It used to be summer reruns were found on TV. Now you have to figure out how to watch them on your computer or shuffle down to the Strip.
Two shows recently threw parties with an eye for generating media attention: “Phantom — The Las Vegas Spectacular” and Cirque du Soleil’s “Love.”
Assuming you cared about any of this a year ago, it should ring familiar. That’s because both celebrations were one-year anniversaries.
I skipped the “Phantom” bash and felt fairly blase about the media event for “Love” up through the time I self-parked at The Mirage. It was only when I was really sitting a short distance from Paul McCartney, Ringo Starr, Yoko Ono and Olivia Harrison that I changed my tune: “Sure, it’s a do-over of last year. But it’s still pretty damned impressive. What would you normally be doing on a hot Tuesday afternoon?”

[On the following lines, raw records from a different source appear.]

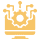 Automated System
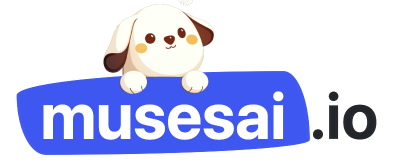 MusesAI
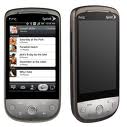 buy used Cell Phone & PDAs HTC Hero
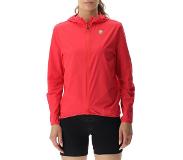 UYN Running Masterwind Jacket Punainen XL Nainen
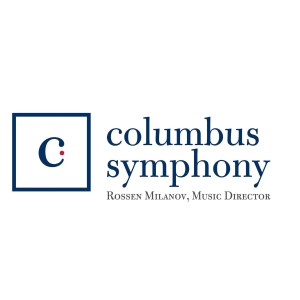 Columbus Symphony Announces 26th Anniversary Music Educator Awards Winners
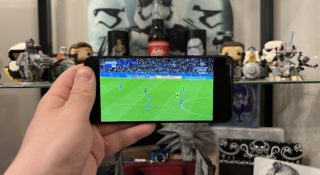 polsat-box-go-sport-pilka-nozna-online-gdzie-obejrzec-liga-mistrzow 5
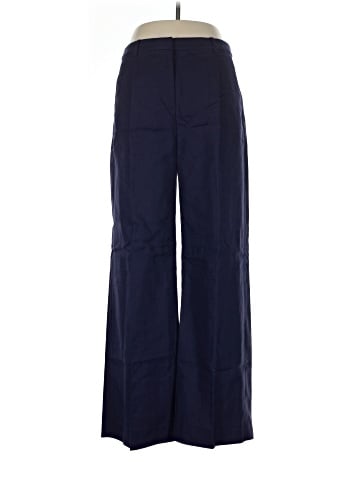 J.Crew Dress Pants (view 1)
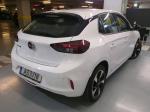 opel-corsa-2022-eletrico-0cc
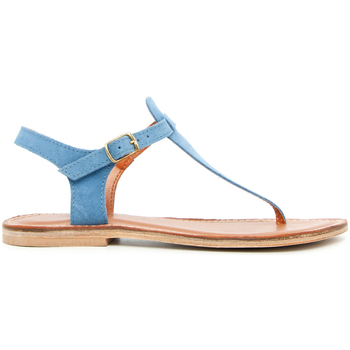 Portofino  Sandalen 83 günstig online kaufen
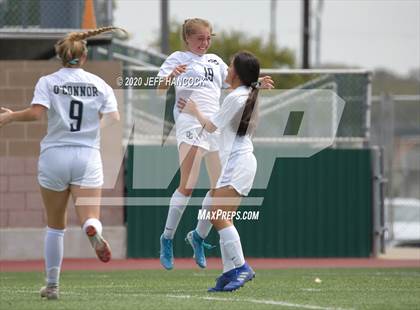 Thumbnail 1 in Brennan vs. O'Connor photogallery.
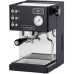 Smeg SO4302S3X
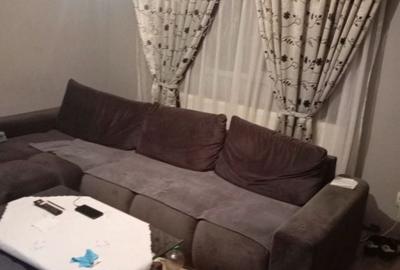 Casă cu 3 camere cu Teren 250 Mp în Lascăr Catargiu - 4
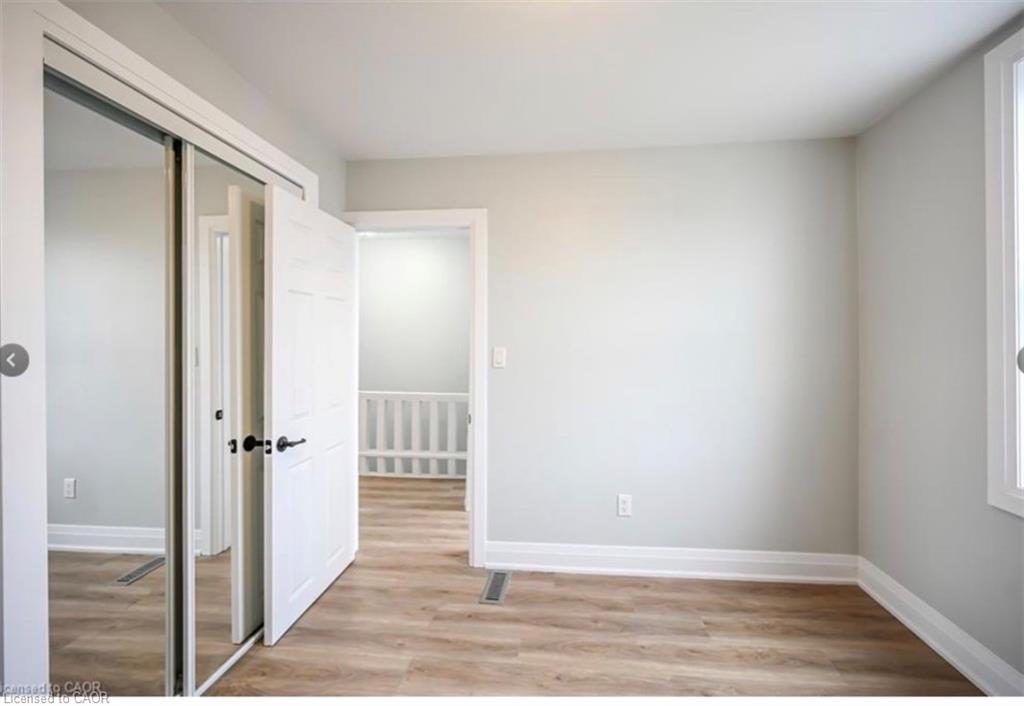 1024 Cannon Street E Property Photo 15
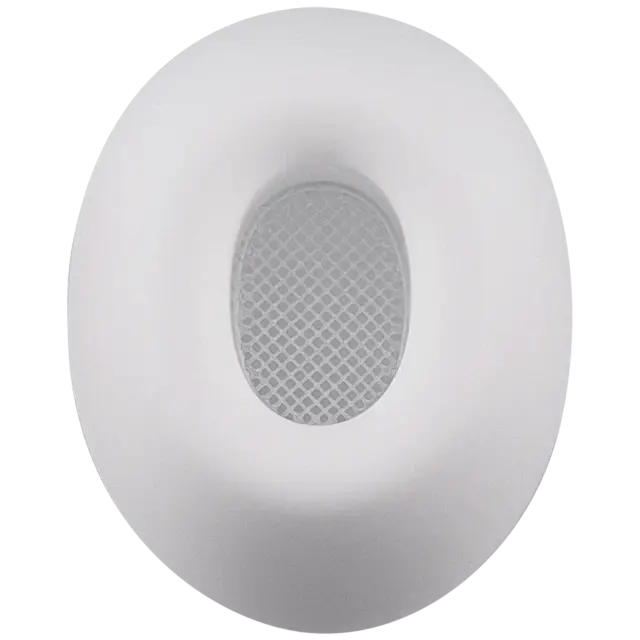 Embout d’écouteur pour Apple AirPods Pro 3rd Gen (2025) (S)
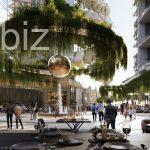 Charming 2+1 Apartment in the Heart of Istanbul (Listing No: 4088)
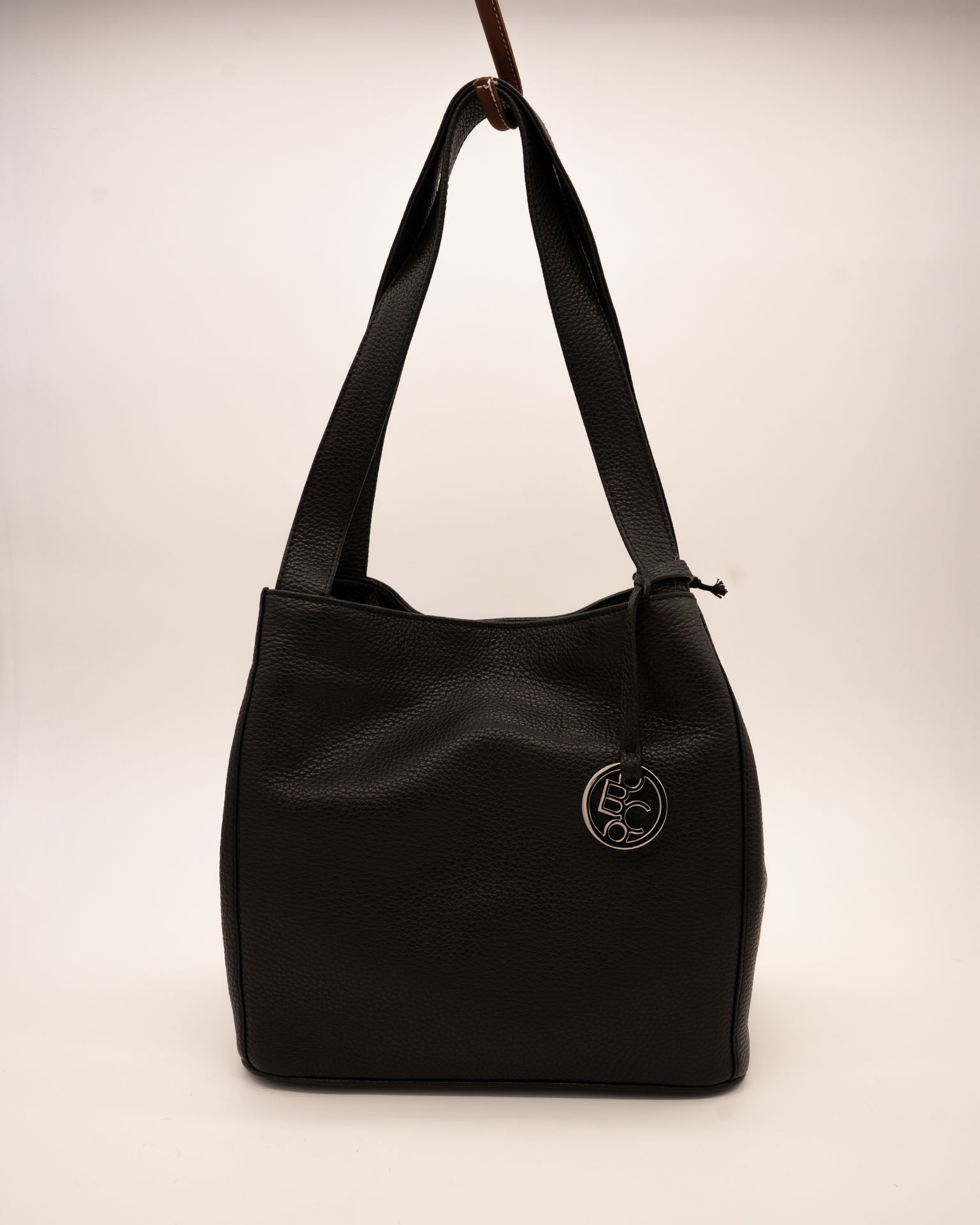 Bellissima Ledertasche Compagnion - 2610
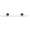 Alno Contemporary I A8350-24-BRZ
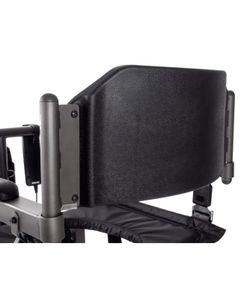 Silla-grúa de transferencia eléctrica multifuncional aupa chair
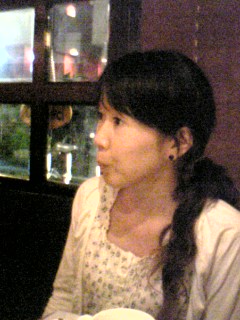 07-09-05_22-05.jpg
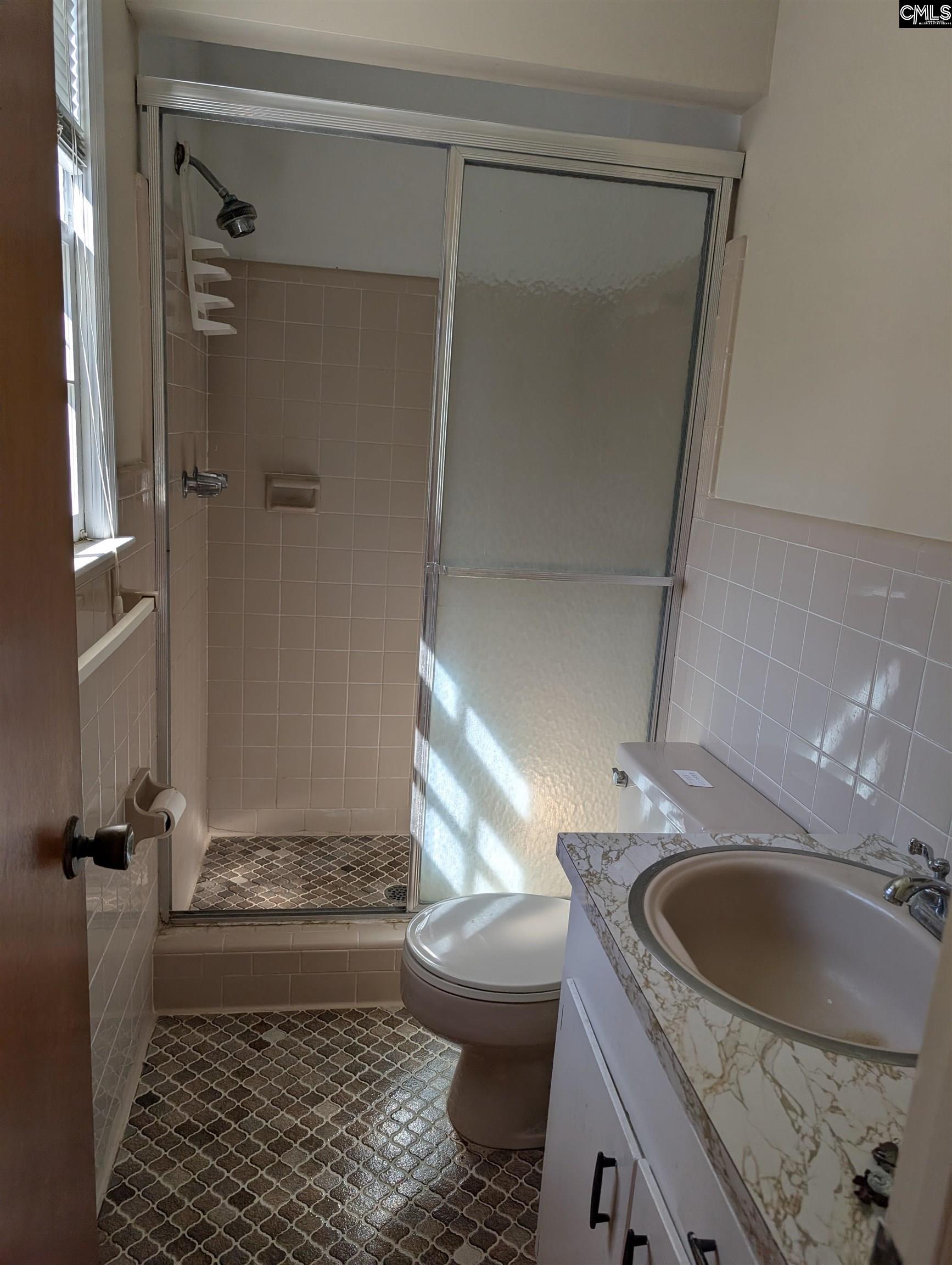 112 Hickory Lane, Cayce — photo 16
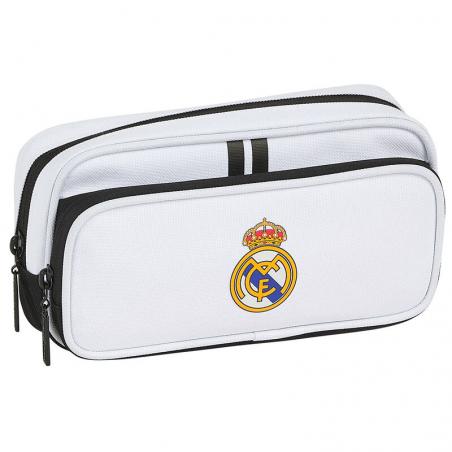 Portatodo Real Madrid - Imagen 1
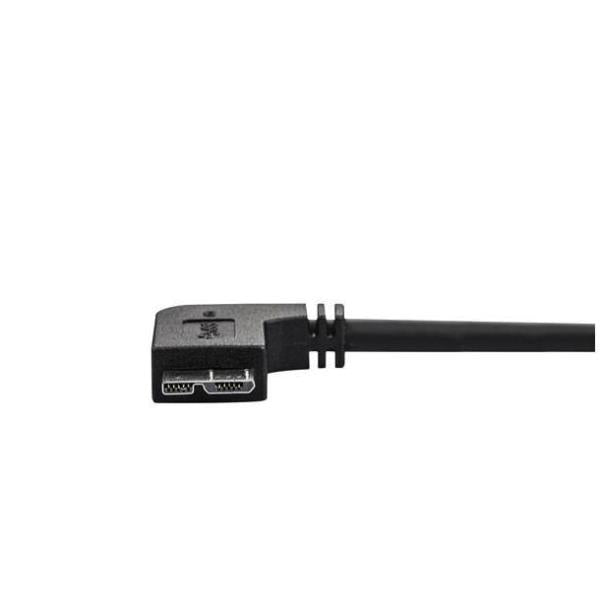 USB3AU1MLS
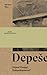 Depeše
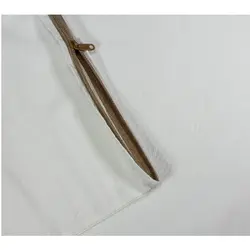 زیربالشی متقال شیکدو مدل ZB01 بسته 2 عددی | شیکدو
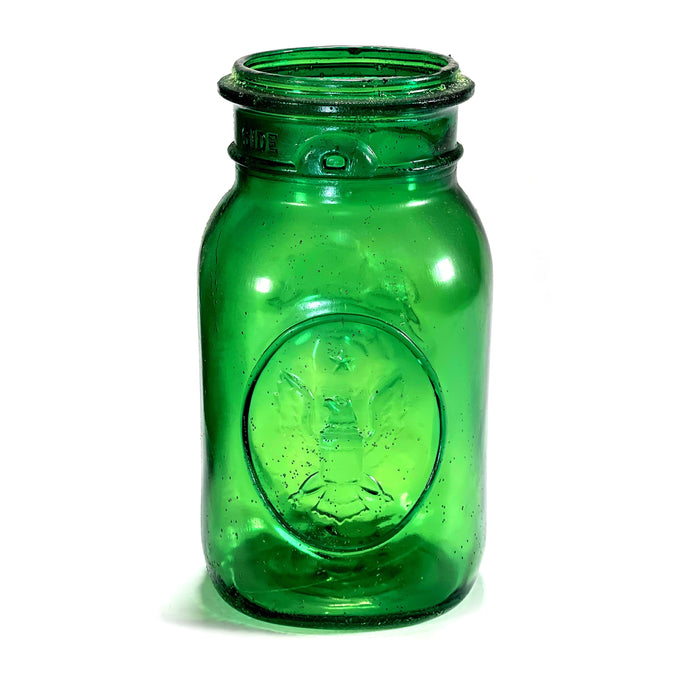 SMASHProps Breakaway Large Mason Jar Prop - for just $26! 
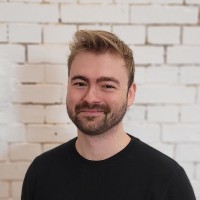 Dustin Möller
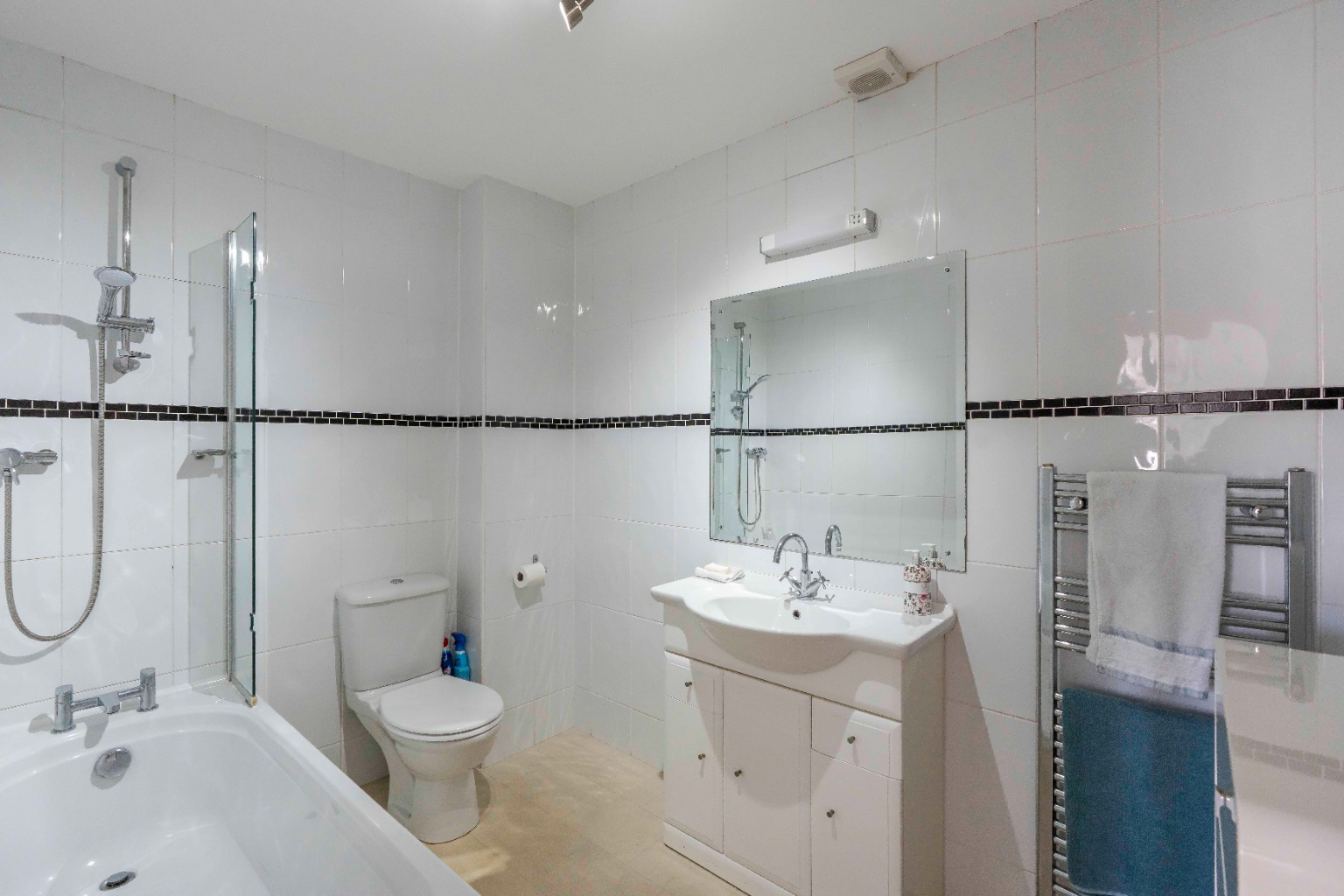 Battery Road, Portishead, BS20 7HP, photo 8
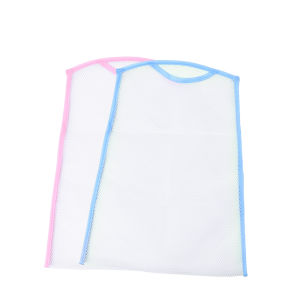 【On Sale】Pillow Drying and Hanging Net Childrens Plush Doll Drying Net Pillow Mesh Bag
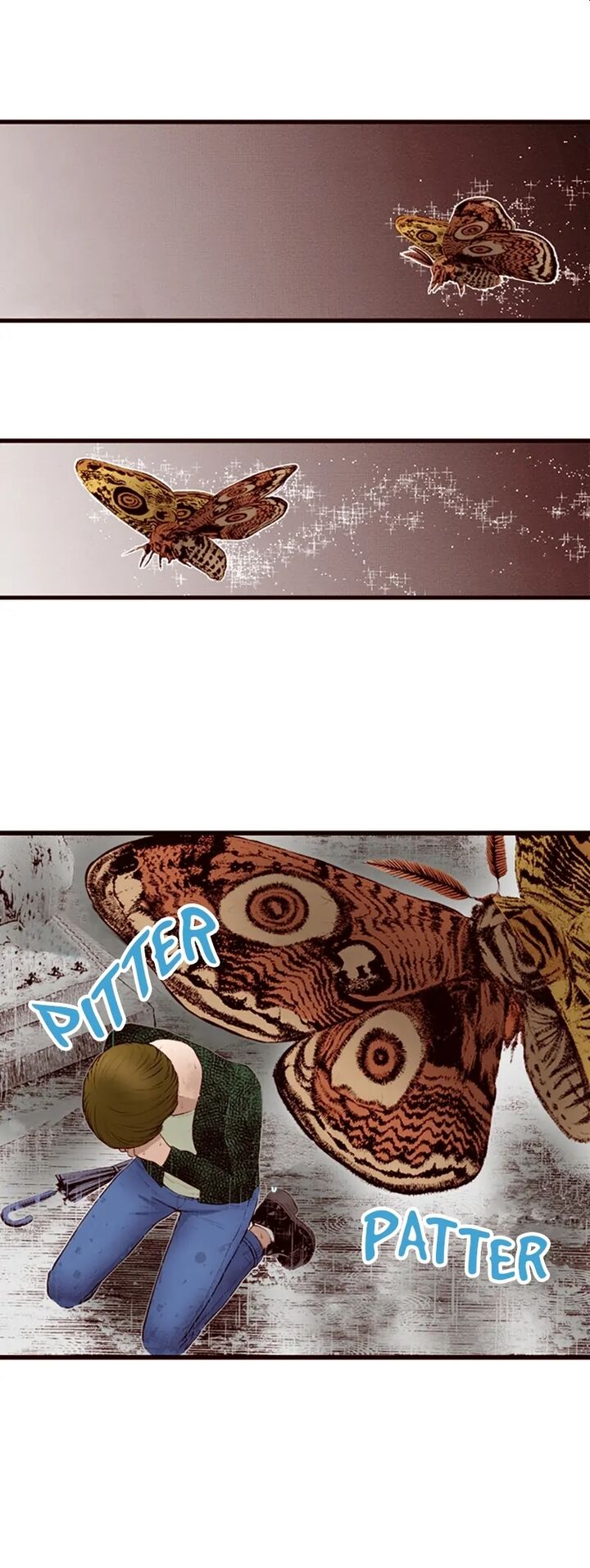 Giniro No Genders 34 2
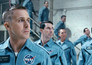 First Man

Fellow media wags offer two valid interpretations of this “Groundhog Day” replay. One is that entertainment has so cooled on the Strip — battered by the booming nightclub industry — that even the Beatles understand you have to go the extra mile to flog a show nowadays.
The alternate theory is that “Love” is the rare smash on the Strip. It’s such a cash-spitting ATM of passive revenue for all Beatle interests — no hard touring, no CD piracy to fret — that squirming through an hour interview with Larry King is a small sacrifice to protect the investment.
I believe there is truth in the middle, maybe even room to believe the Beatle folk are actually proud of the show. Moreover, the Beatles and Cirque deserve to toast their success because there has been nothing much to celebrate since.
The debuts of “Monty Python’s Spamalot” and “The Producers” were themselves a sort of rerun. The Broadway musicals struggle to attract the same level of interest because they aren’t new creations. Likewise “Stomp Out Loud,” which beefed up its production for Vegas but still seems more routine than trailblazing.
And the biggest summer party before Cirque’s? That was a Planet Hollywood rooftop celebration for “The Beauty of Magic.” It offered the singular experience of people raving about the tequila-sauteed shrimp’s ability to wash away the lousy taste of the imitative show.
On one hand, I always say the Strip doesn’t think small enough. I welcomed the retro-styled variety of Wayne Brady, and offbeat experiments such as “Fashionistas” or “Defending the Caveman.” But when it comes time to think big, the choice seems clear: Come up with some bold new show ideas, or watch your mailbox for the invitation to Cirque’s next party.